Task goal: Would you copy all lines in the data that contain the word "saat"?

*** Opening of Material for this exercise ***

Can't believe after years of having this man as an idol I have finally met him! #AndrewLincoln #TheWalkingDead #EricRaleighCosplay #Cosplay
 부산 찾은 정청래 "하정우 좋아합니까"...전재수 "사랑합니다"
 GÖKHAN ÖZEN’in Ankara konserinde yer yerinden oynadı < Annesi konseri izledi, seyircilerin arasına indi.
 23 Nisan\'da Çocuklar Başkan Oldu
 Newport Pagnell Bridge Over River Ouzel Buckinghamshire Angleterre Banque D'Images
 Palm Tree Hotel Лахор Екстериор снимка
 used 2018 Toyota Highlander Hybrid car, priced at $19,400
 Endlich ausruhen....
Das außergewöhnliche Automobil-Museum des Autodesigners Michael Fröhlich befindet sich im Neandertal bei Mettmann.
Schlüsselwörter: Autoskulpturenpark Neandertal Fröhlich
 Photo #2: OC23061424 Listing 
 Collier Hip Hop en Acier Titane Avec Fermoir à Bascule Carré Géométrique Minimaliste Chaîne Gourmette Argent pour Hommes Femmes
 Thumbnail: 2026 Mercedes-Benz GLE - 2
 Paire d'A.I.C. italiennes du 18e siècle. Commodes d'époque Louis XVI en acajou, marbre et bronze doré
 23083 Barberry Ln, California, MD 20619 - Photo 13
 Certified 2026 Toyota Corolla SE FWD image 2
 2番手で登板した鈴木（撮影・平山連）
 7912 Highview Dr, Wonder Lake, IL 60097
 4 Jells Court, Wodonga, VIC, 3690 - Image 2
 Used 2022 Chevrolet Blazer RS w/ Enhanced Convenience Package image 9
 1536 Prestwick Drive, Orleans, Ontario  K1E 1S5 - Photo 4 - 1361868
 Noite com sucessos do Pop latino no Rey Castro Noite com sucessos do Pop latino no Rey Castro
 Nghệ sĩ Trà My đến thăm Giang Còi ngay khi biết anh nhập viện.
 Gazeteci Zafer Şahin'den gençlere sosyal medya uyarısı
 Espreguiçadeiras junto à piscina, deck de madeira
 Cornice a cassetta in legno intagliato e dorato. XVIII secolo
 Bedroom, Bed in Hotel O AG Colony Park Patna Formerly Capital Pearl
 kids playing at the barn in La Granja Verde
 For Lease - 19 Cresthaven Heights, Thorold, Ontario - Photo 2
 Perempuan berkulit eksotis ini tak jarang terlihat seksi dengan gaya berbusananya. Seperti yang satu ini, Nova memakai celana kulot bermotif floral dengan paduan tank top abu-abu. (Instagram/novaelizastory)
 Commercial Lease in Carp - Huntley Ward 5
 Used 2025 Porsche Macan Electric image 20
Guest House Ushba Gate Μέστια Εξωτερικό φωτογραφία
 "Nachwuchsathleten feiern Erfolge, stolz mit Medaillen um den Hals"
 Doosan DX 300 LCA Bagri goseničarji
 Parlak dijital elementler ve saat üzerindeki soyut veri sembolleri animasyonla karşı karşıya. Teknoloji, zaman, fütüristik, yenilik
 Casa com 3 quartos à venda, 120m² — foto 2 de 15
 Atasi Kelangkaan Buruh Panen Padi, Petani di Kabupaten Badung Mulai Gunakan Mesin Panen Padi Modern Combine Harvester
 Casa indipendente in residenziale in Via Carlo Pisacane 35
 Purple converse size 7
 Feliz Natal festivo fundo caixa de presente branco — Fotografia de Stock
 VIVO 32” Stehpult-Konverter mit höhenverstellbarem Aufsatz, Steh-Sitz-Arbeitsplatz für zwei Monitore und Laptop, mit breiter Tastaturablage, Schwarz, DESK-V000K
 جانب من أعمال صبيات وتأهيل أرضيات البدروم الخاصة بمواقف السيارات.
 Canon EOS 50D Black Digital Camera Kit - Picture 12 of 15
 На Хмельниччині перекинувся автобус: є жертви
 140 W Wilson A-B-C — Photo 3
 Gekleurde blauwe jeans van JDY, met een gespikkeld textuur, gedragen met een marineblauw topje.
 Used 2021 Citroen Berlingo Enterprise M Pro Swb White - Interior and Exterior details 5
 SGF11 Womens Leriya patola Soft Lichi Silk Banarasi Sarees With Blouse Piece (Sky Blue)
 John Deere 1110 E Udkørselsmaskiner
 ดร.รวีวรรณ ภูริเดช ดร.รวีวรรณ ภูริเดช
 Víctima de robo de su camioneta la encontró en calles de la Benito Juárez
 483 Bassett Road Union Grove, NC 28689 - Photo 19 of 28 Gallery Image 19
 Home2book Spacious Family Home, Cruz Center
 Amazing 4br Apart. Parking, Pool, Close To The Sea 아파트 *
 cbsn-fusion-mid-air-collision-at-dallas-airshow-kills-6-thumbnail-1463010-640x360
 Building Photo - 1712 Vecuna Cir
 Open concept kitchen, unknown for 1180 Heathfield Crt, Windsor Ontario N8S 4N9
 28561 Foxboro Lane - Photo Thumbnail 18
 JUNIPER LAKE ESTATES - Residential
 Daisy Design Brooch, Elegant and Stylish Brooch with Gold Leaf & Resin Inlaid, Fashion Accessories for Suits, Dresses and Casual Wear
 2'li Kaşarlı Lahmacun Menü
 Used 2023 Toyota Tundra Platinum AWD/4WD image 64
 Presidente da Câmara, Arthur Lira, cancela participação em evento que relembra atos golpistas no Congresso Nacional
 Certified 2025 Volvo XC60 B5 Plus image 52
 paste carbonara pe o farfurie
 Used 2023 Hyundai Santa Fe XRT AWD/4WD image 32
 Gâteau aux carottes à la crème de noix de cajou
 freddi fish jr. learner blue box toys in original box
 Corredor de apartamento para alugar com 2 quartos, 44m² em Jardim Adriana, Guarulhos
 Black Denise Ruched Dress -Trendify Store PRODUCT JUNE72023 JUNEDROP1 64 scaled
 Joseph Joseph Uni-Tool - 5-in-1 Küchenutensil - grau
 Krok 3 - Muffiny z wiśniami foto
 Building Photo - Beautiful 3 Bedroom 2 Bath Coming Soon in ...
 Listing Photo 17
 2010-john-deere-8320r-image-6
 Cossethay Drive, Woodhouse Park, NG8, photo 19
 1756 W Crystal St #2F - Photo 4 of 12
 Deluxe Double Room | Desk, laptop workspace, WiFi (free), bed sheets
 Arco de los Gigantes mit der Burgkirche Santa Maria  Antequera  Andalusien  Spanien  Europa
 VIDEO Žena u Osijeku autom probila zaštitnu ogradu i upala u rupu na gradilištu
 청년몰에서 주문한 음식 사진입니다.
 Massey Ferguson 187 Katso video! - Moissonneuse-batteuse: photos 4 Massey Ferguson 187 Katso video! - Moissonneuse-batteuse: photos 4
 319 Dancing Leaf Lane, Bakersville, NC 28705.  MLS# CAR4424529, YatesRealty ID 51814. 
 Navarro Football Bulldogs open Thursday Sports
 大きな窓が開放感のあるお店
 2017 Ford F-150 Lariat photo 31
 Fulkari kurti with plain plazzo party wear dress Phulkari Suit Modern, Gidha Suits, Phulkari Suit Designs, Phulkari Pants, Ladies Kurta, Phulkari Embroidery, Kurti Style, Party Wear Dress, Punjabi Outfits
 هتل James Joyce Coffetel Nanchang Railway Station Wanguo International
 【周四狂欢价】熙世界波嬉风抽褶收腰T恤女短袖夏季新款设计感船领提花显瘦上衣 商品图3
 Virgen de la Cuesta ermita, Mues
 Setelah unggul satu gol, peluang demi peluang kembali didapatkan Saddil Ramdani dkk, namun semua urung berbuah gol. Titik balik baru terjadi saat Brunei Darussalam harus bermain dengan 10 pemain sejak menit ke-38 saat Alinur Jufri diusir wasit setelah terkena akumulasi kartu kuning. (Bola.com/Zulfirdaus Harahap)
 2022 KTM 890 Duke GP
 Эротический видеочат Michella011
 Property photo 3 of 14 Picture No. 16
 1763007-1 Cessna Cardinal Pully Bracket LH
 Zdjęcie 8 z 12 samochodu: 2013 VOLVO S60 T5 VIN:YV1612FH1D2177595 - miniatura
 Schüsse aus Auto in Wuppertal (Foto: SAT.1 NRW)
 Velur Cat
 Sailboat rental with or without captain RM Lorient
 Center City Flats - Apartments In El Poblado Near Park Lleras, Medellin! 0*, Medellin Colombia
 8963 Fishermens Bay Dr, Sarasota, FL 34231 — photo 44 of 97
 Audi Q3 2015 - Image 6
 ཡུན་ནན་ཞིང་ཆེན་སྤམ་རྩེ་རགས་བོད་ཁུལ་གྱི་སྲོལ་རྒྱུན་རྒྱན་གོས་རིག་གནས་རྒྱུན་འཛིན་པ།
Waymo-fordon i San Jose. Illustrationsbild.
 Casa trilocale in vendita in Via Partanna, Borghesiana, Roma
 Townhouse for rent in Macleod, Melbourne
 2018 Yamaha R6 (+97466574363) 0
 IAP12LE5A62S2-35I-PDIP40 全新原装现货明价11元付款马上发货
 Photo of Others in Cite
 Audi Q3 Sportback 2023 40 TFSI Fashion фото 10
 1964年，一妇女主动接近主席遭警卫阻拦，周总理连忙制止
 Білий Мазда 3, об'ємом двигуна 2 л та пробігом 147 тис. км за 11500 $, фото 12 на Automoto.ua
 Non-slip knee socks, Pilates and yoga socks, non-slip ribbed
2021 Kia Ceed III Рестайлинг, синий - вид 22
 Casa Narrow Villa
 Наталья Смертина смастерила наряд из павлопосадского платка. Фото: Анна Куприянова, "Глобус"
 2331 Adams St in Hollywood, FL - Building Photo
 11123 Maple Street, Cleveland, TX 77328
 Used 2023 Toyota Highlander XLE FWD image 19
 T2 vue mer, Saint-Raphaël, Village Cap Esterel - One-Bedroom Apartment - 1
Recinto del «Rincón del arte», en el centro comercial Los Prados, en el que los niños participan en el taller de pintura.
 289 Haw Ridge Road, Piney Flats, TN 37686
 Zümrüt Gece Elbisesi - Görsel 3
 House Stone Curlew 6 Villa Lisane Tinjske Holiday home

*** Close of Material for this exercise ***

Solved problem:
 Parlak dijital elementler ve saat üzerindeki soyut veri sembolleri animasyonla karşı karşıya. Teknoloji, zaman, fütüristik, yenilik
 Setelah unggul satu gol, peluang demi peluang kembali didapatkan Saddil Ramdani dkk, namun semua urung berbuah gol. Titik balik baru terjadi saat Brunei Darussalam harus bermain dengan 10 pemain sejak menit ke-38 saat Alinur Jufri diusir wasit setelah terkena akumulasi kartu kuning. (Bola.com/Zulfirdaus Harahap)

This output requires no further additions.